In my current work the following property of maps between locally convex spaces showed up at several places and proved to be useful. It seems quite elementary to me, so I would like to know whether it already has an established name or is equivalent to some other property.

Let $f: U\rightarrow F$ be a (possibly non-linear) map between an open set $U\subset E$ of a locally convex space into another locally convex space $F$. Suppose for every continuous semi-norm $\Vert \cdot \Vert$ on $F$ there exists a non-decreasing function $\omega:[0,\infty)\rightarrow [ 0,\infty)$ and a continuous semi-norm $\Vert \cdot \Vert'$ on $E$ such that $$ \Vert f(x)\Vert \le \omega(\Vert x \Vert')\quad \text{ for all } x \in U.$$ Let's for now call such a map 'robust'. It's clear that the concatenation of robust maps, when defined, is robust again. Further, linear maps (defined on $U=E$) are robust if and only if they are continuous.

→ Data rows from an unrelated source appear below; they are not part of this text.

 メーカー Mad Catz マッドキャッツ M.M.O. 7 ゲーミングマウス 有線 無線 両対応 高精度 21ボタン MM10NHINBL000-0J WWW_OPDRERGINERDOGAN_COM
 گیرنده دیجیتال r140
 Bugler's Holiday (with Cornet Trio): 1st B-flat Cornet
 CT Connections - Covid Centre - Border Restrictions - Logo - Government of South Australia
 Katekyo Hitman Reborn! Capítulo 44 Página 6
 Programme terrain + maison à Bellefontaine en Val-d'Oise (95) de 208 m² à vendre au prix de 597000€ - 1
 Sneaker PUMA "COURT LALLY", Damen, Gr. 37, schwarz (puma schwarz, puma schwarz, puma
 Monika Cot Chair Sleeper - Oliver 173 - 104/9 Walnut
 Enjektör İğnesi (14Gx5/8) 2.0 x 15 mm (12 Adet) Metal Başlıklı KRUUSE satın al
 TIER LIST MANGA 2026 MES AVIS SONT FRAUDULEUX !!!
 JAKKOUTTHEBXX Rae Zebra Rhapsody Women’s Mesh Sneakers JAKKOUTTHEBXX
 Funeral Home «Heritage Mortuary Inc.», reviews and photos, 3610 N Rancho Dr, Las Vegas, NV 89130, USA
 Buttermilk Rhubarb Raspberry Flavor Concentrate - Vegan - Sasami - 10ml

My main example of a non-linear robust map is concatenation $$ C^\infty(M)\rightarrow C^\infty(M), a \mapsto \chi \circ a, $$ where $M$ is a smooth manifold and $\chi:\mathbb{C}\rightarrow \mathbb{C}$ is a smooth function that is well behaved, e.g. all of its derivatives are bounded, but also $\chi(z)=\exp(z)$ works. This has some nice implications: For example the parameter-to-solution map for the initial value problem $$\dot x +ax, \quad x(0)=1$$ can be written as $f(a)(t)=\exp(-\int_0^ta)$ and is thus easily seen to define a robust map $f:C^\infty[0,\infty)\rightarrow C^\infty[0,\infty)$. A more sophisticated consequence is that one can construct parametrices of classical pseudodifferential operators in a robust way (concatenate the principal symbol with $\chi(z)=z^{-1}$ (smoothed near $0$)).

In general robustness seems to come up as a property of 'parameter dependence' in a smooth setting. Typically in this setting one already has a continuous dependency, which allows to make constructions, constants etc. uniform in small neighbourhoods of a fixed parameter. Robustness allows to get uniformity over large classes of parameters, as long as an appropriate semi-norm ($\Vert \cdot \Vert'$ above) stays bounded. This is relevant for recovering parameters in statistical inverse problems.

To summarise, my question is the following:

Question. Is robustness equivalent or related to some well known property in functional analysis or has it been studied anywhere?